Because I was at a different stage in my life, I didn’t need a social life, which helped a lot. Then this place for me became a cloister: All I did was study and go home. My children respected the fact I was back at school and not playing tennis or bridge like all the other mothers were doing. And so I came home with homework and they came home with homework. And I was very blessed that during the five years I was here, nobody fell and broke a leg, my kids didn’t throw a rock through a police car window — nothing happened so it was like time suspended itself, which allowed me to do what I had to do to get through Princeton.
They don’t let you work, they didn’t, the year you would write your thesis. So I had no way of getting money. I didn’t know what I was going to do, and they I remembered I had a diamond engagement ring in the bank vault. I told [my husband] don’t buy me a diamond, I don’t like diamonds, I’ll never wear it. Well thank god I had put it away. And what I did was I sold it and got $4,000 for the diamond, which at the time, 1975, was full tuition at Princeton.
I wrote my thesis on the Mount Laurel case, which was an exclusionary zoning law case in New Jersey. A community was using 2-acre zoning to keep out poor people — low- and moderate-income. And so the Burlington County NAACP sued Mount Laurel. They won. And so my thesis was about that.

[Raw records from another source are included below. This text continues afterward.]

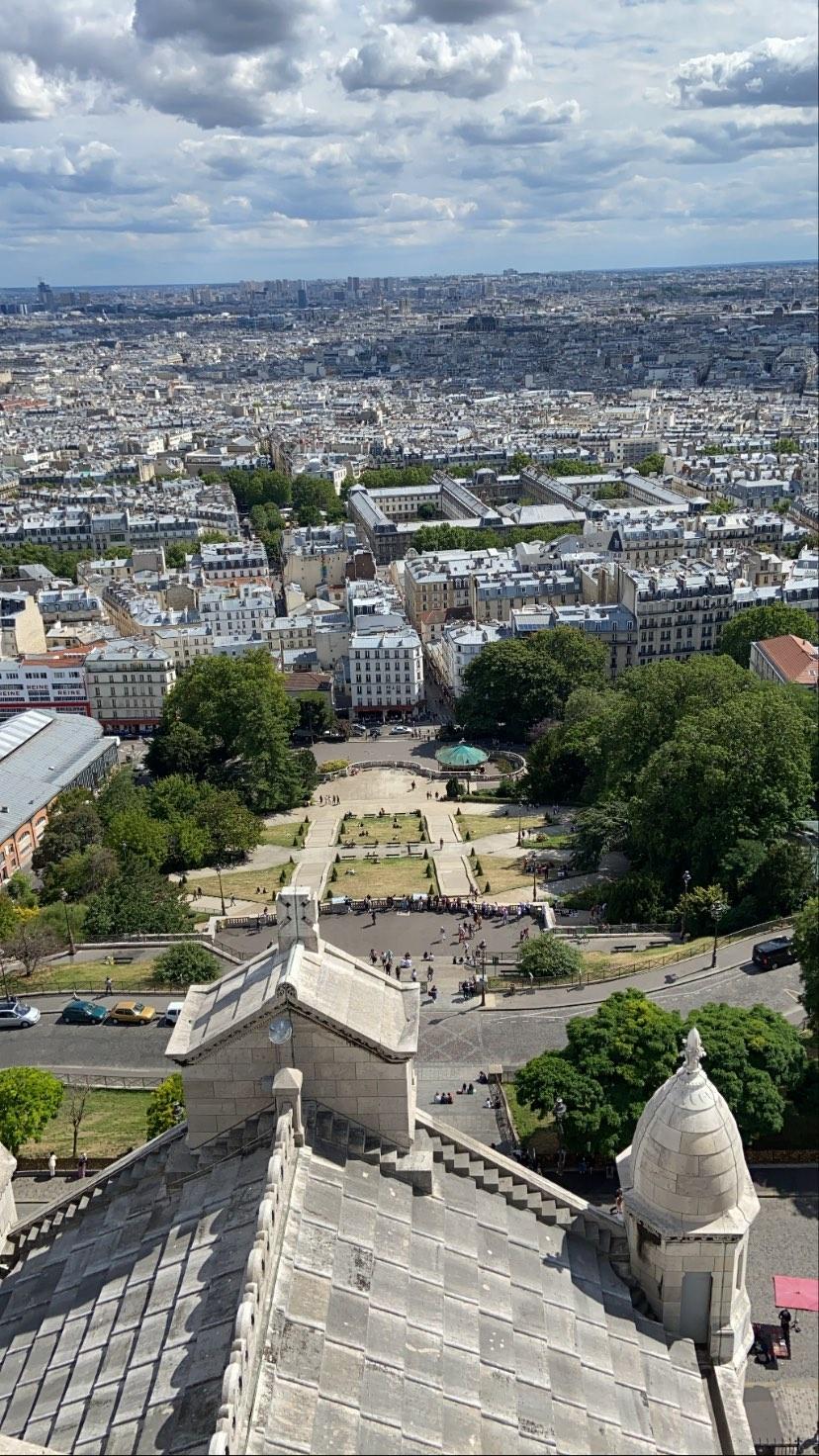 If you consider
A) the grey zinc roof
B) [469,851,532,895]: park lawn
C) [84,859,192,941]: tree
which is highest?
the grey zinc roof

You know, I lived on three hours a night sleep. I would wait until after the children were asleep to do my homework. And I would get up at 6:00 in the morning and have to get them breakfast and pick up the car pool and get everybody to school. I don’t know how I did it. I mean, when I got to the University, I was the first one in the architecture building. So I used to make the coffee in the morning. The day I defended my thesis, one of the people on my thesis committee said, after it was all over— You know the process, you go up and defend it, then you leave the room. They deliberate, you come back in. If they all stand up, you’re going to graduate. So they all stood up, and Professor Rapkin, who was chairman of my thesis committee, said, “Who’s going to make the coffee?” I’d been making the coffee in the morning for five years.
Danielson’s thesis caught the eye of staffers for New Jersey Governor Brendan Byrne ’49 and led to a job in housing policy analysis for the governor’s Office of Policy and Planning. She later worked in the state’s labor and corrections departments. Now retired, Danielson says that Princeton “broke every rule” for her — and changed the course of her life in the process.